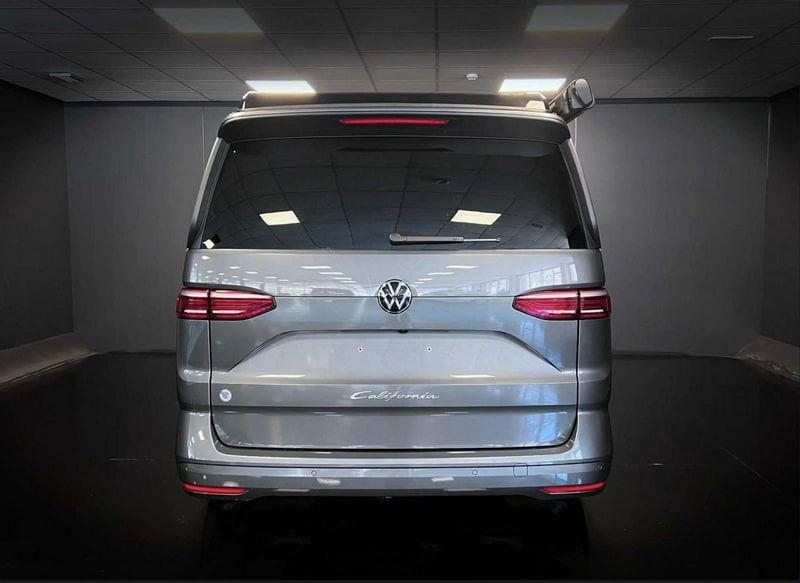 Volkswagen California 2.0 TDI 150CV DSG Coast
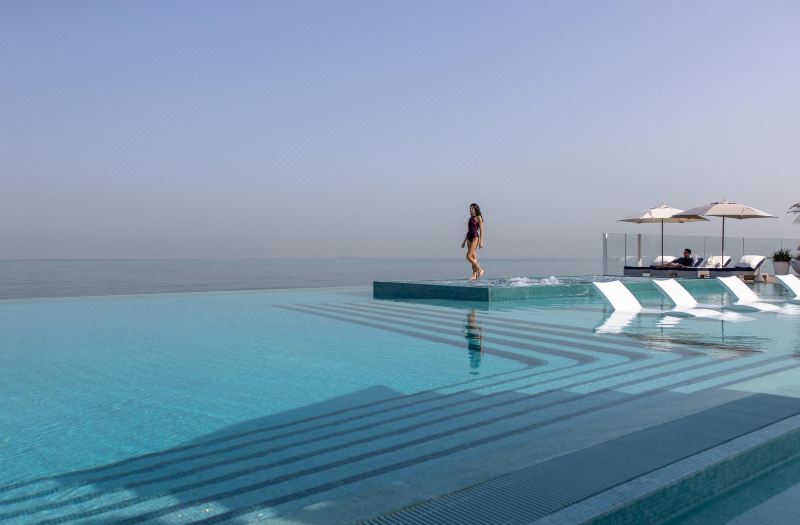 Jumeirah Burj Al Arab Dubai photo 4
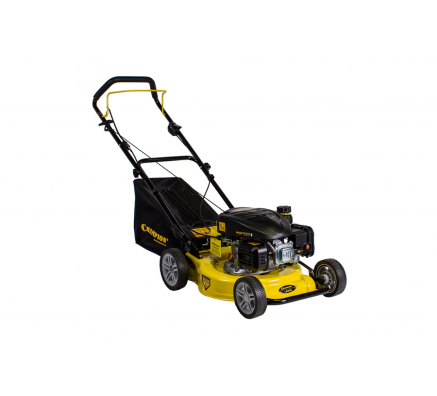 КОМПЛЕКТ: Газонокосилка (LM4122) + Воздуходувка (EB3510) + Триммер (ET1200A) + Масло (952852)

****************************************

Return the material exactly as written, except for any pictures it holds.

- SOLUTION TO THIS EXERCISE
 Volkswagen California 2.0 TDI 150CV DSG Coast
 Jumeirah Burj Al Arab Dubai photo 4
 КОМПЛЕКТ: Газонокосилка (LM4122) + Воздуходувка (EB3510) + Триммер (ET1200A) + Масло (952852)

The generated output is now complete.